The previous description of the disclosed embodiments is provided to enable any person skilled in the art to make or use the present invention. Various modifications to these embodiments will be readily apparent to those skilled in the art, and the generic principles defined herein may be applied to other embodiments without departing from the spirit or scope of the invention. Thus, the present invention is not intended to be limited to the embodiments shown herein but is to be accorded the widest scope consistent with the principles and novel features disclosed herein.

Claims (6)

1. The single-chip full-bridge TMR magnetic field sensor is characterized by comprising 4 groups of magneto-resistance elements and bias current branches, wherein the 4 groups of magneto-resistance elements are connected in a bridge mode to form a full-bridge structure;

The magneto-resistive element comprises a lower electrode layer, a pinning layer, a first insulating layer, a free layer, an upper electrode layer, a second insulating layer and a bias current layer which are sequentially arranged, wherein the bias current layer is connected with the bias current branch circuit, and the bias current branch circuit inputs bias current to the bias current layer;

The directions of the currents in the bias current layers in the magnetoresistive elements positioned on the adjacent bridge arms are opposite, the resistance changes of the magnetoresistive elements positioned on the adjacent bridge arms are always opposite under the influence of the same external magnetic field, the directions of the currents in the bias current layers in the magnetoresistive elements positioned on the opposite bridge arms are the same, and the resistance changes of the magnetoresistive elements positioned on the opposite bridge arms are always the same under the influence of the same external magnetic field.

2. The single chip full bridge TMR magnetic field sensor of claim 1, wherein said bias current leg comprises a first bias current leg connected to said magnetoresistive elements on two adjacent legs of said full bridge structure and a second bias current leg connected to said magnetoresistive elements on the other two adjacent legs of said full bridge structure.

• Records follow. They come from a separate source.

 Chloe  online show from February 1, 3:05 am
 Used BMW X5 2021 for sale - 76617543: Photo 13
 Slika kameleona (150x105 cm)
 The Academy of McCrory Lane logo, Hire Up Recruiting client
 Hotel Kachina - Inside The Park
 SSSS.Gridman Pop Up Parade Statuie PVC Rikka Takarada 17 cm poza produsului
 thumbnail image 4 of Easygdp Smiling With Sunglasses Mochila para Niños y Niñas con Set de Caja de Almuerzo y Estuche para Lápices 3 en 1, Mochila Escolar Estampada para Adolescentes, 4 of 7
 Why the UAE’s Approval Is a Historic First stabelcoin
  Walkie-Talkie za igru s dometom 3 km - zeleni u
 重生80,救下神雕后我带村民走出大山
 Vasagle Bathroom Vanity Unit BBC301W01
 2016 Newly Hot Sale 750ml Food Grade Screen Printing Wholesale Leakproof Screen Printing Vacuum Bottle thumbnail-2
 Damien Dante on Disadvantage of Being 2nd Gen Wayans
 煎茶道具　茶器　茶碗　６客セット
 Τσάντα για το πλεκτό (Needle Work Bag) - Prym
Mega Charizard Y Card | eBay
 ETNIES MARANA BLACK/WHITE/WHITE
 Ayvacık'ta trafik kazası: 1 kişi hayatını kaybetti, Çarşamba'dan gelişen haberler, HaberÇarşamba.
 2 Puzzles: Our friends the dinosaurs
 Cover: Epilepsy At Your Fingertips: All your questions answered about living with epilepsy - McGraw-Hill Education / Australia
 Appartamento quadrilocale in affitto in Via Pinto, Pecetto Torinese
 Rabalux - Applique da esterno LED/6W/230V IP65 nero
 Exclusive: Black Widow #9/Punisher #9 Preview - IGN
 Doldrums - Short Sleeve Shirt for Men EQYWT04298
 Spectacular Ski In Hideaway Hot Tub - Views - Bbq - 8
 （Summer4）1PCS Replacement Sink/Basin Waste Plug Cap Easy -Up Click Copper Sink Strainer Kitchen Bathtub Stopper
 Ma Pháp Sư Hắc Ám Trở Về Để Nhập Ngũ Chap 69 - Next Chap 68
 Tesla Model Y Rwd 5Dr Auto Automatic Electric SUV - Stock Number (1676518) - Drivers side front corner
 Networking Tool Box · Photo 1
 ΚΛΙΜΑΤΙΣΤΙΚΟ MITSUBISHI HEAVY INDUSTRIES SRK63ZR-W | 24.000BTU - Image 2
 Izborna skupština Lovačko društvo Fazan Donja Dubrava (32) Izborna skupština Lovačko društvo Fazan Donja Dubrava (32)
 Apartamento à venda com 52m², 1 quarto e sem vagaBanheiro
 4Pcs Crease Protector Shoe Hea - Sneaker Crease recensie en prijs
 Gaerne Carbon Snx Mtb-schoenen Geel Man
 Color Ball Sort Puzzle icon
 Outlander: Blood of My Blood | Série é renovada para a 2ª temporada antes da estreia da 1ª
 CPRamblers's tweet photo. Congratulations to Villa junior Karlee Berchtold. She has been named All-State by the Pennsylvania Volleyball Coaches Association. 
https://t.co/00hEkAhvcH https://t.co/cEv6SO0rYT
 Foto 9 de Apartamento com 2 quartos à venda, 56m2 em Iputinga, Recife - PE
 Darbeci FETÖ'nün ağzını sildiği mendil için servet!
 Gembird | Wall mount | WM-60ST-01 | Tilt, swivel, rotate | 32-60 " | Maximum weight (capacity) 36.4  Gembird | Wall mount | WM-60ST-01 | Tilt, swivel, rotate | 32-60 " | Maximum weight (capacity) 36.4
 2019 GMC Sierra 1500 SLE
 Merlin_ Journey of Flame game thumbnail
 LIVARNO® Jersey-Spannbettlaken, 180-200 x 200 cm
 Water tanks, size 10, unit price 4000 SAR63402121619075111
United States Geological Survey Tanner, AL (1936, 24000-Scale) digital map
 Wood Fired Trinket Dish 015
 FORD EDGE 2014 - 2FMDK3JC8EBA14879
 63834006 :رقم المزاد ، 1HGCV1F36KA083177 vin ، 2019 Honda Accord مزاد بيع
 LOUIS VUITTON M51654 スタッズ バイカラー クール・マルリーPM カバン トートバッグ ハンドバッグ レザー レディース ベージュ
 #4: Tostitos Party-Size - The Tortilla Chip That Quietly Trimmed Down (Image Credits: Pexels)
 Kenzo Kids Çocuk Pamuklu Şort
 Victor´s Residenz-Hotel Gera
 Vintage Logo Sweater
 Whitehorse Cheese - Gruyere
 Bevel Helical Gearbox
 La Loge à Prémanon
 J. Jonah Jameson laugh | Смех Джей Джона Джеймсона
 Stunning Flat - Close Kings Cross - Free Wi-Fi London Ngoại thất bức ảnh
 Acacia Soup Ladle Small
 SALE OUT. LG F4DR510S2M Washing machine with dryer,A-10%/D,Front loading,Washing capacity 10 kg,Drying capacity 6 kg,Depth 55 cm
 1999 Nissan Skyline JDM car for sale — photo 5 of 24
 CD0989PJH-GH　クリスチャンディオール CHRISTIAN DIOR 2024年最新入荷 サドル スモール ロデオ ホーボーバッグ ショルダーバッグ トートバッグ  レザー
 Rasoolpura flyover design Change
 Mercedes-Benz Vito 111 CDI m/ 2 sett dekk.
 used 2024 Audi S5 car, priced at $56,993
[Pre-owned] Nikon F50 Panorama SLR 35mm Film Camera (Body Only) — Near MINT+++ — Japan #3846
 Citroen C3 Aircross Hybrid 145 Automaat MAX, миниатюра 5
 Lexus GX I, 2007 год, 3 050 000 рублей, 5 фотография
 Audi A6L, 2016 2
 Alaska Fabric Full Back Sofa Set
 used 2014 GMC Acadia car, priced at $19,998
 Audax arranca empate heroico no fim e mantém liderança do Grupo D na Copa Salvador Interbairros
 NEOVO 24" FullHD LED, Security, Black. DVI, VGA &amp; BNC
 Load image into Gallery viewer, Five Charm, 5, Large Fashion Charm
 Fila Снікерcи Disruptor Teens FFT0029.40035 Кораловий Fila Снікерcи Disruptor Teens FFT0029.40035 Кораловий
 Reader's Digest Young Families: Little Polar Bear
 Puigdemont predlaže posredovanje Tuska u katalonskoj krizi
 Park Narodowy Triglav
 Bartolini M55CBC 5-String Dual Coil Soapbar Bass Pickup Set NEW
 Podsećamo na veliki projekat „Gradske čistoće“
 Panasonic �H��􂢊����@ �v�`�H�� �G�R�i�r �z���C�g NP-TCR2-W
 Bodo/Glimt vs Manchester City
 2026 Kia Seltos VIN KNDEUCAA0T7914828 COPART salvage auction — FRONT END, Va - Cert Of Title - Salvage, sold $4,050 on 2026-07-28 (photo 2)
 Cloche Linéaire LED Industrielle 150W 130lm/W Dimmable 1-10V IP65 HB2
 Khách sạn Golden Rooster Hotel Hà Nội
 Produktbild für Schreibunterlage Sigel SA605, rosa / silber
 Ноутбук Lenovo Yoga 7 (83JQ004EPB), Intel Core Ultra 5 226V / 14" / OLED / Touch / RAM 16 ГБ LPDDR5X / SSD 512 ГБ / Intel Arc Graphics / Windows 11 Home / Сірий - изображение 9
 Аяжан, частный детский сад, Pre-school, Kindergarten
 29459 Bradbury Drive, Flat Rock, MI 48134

3. The single chip full bridge TMR magnetic field sensor as claimed in claim 2, wherein said bias current branch is connected to a bias current source, and after current is inputted from a current input terminal, current flows through said magnetoresistive elements located on two adjacent bridge legs in sequence via said first bias current branch, and current flows through said magnetoresistive elements located on two other adjacent bridge legs in sequence via said second bias current branch, and then flows out from a current output terminal.

4. The single chip full bridge TMR magnetic field sensor as defined in claim 1, wherein said magnetoresistive element is formed at one time by a film forming process.

5. The single chip full bridge TMR magnetic field sensor as defined in claim 1, wherein the magnetization direction of said free layer and the magnetization direction of said pinned layer of said magnetoresistive element are perpendicular to each other when no current is passed in said bias current layer.

6. The single chip full bridge TMR magnetic field sensor as claimed in claim 1 or 2, wherein the magnitude of the current flowing through said bias current layer is the same.